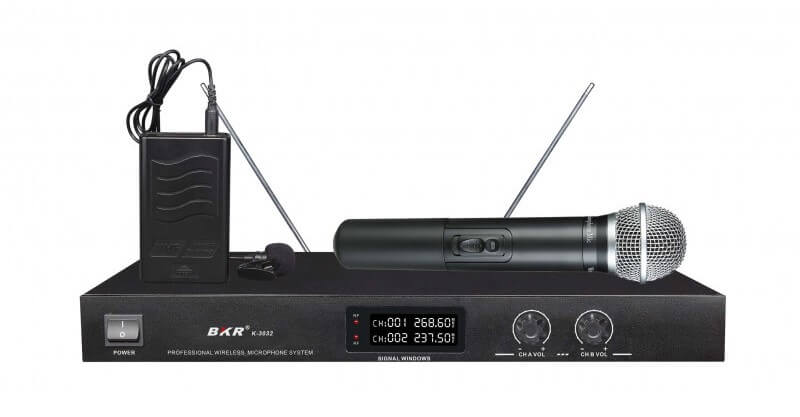 Радиомикрофоны BKR K-3034 (два ручных и два петличных)
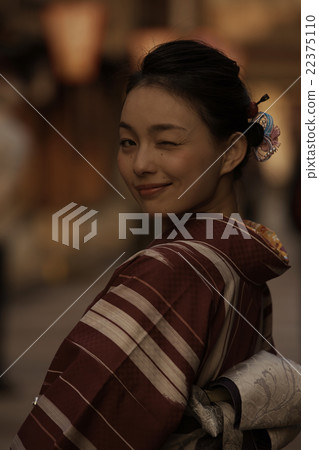 和服女性肖像 22375110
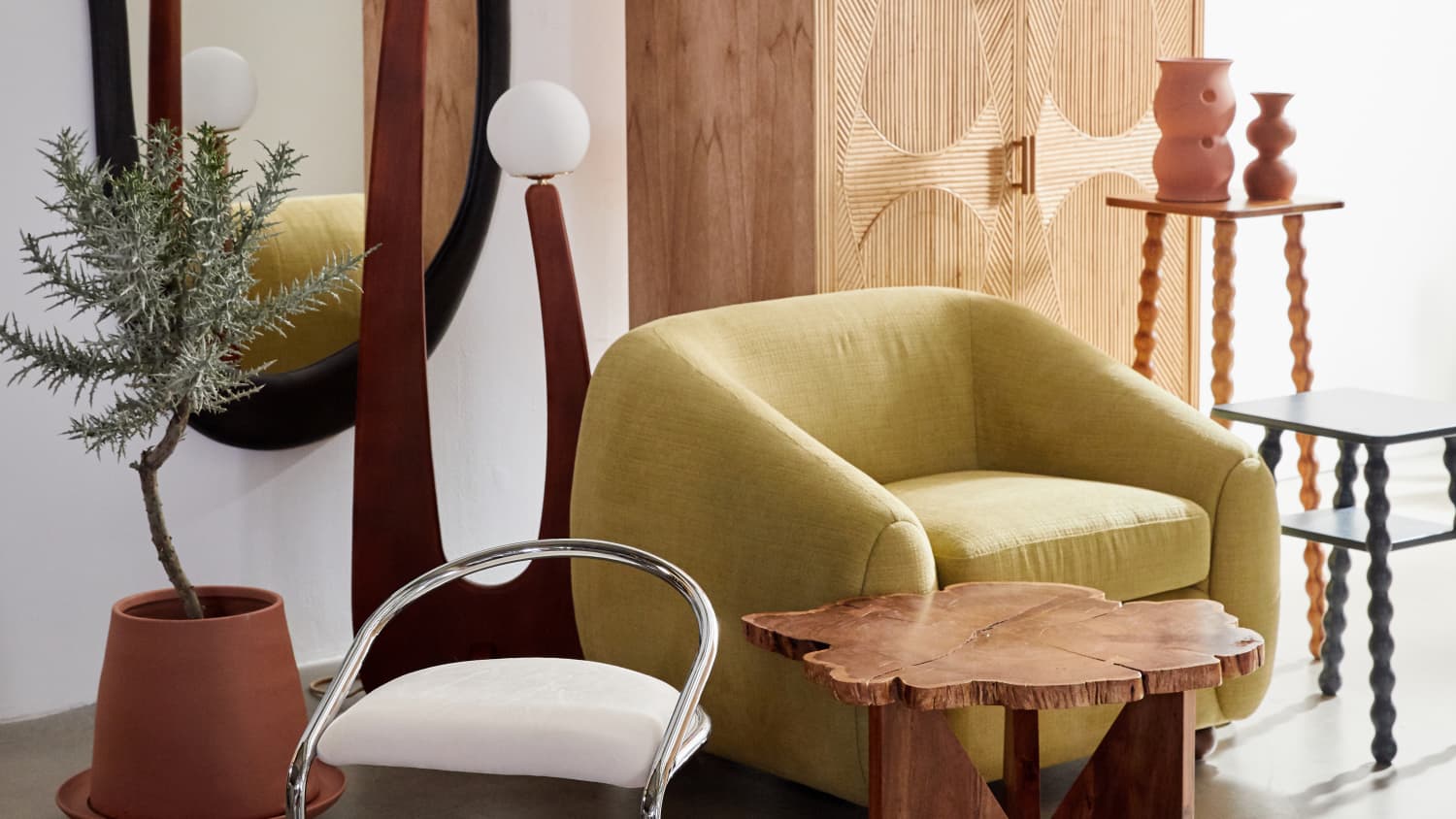 Urban outfitters chaise lounge deals
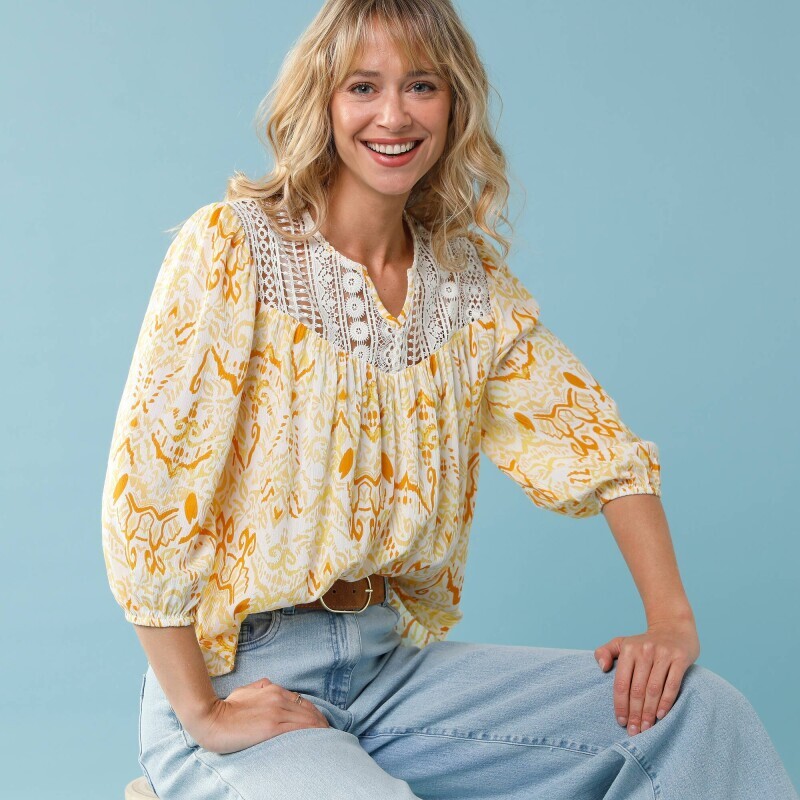 Halenka s potiskem a macramé, pro malou postavu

**What the task requires**:
An exact copy is needed of the lines running from the one with "和服女性肖像 22375110" through the end of the data above, and of those lines only, without pictures.

**Response to the exercise**:
 和服女性肖像 22375110
 Urban outfitters chaise lounge deals
 Halenka s potiskem a macramé, pro malou postavu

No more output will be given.